● **ABOUT THIS EXERCISE**: Beginning with the line that holds "Во Владимире пожар" and finishing with the line that holds "Unhas decoradas de", repeat the listing exactly, leaving every picture out.

● **INFORMATION PROVIDED**:
----
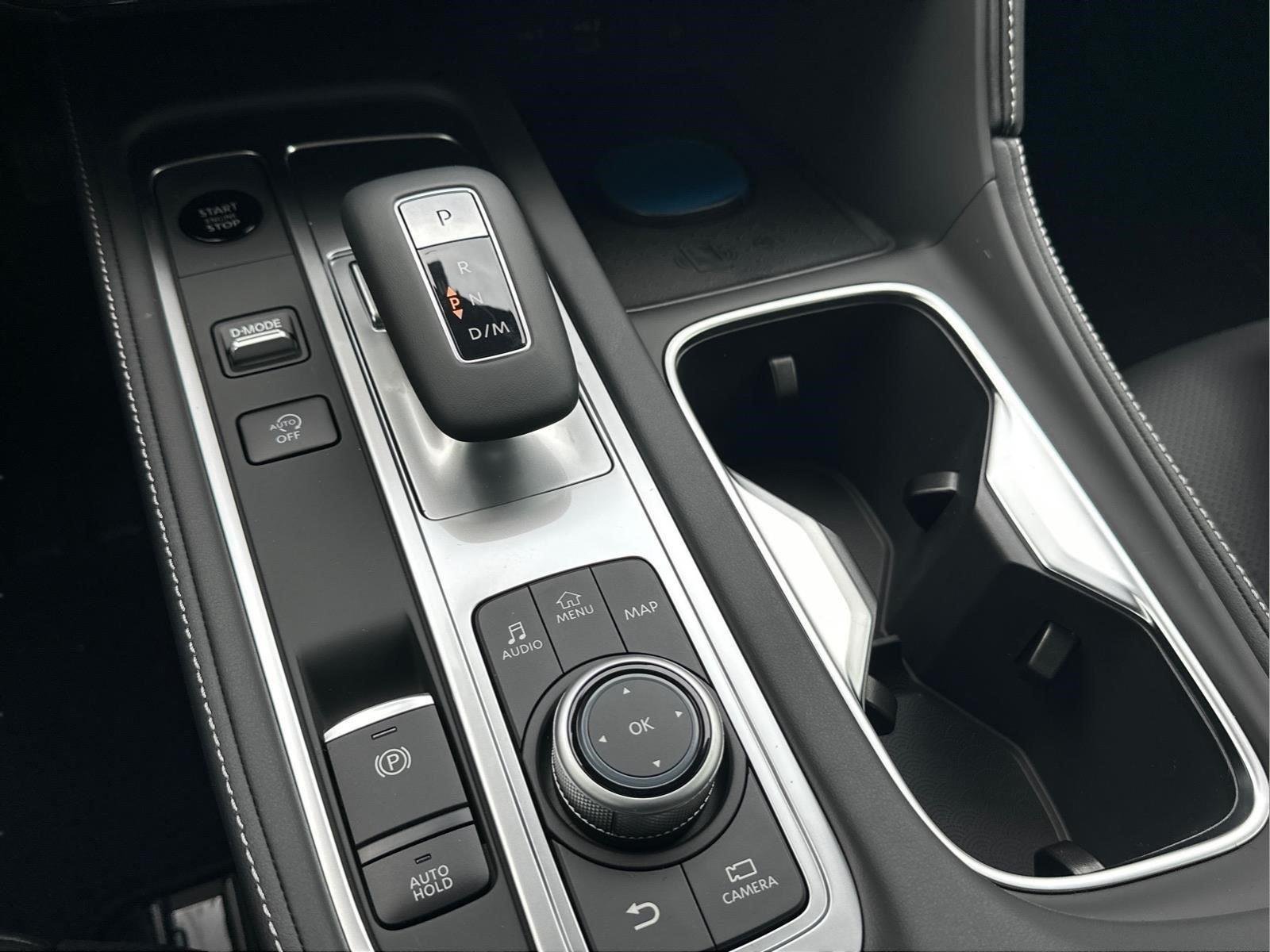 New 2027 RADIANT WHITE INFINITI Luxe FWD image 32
----
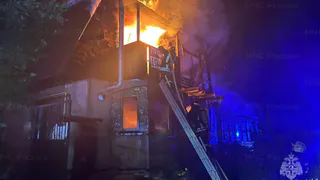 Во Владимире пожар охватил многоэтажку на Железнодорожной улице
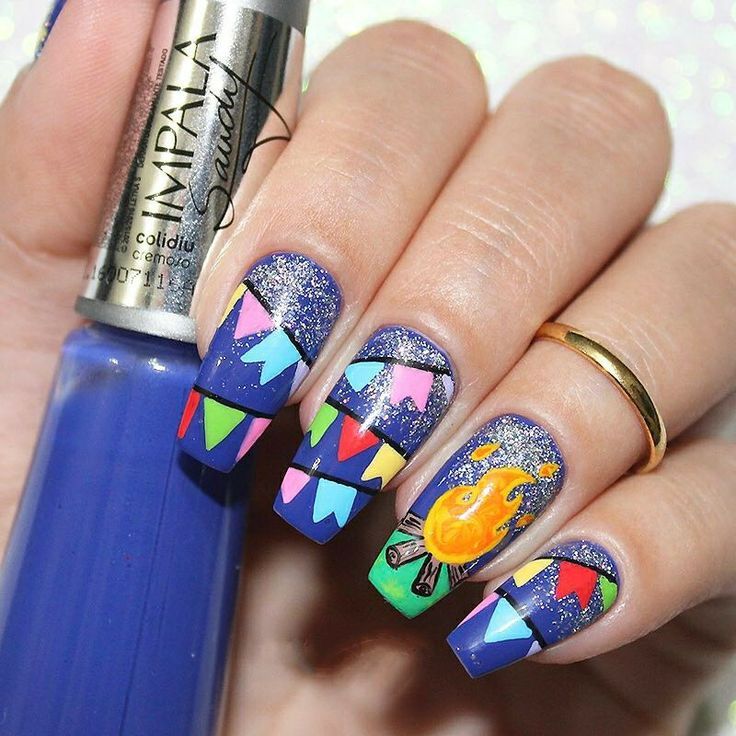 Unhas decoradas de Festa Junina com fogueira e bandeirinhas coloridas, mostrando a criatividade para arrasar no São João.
----
● **COMPLETED TASK**:
 Во Владимире пожар охватил многоэтажку на Железнодорожной улице
 Unhas decoradas de Festa Junina com fogueira e bandeirinhas coloridas, mostrando a criatividade para arrasar no São João.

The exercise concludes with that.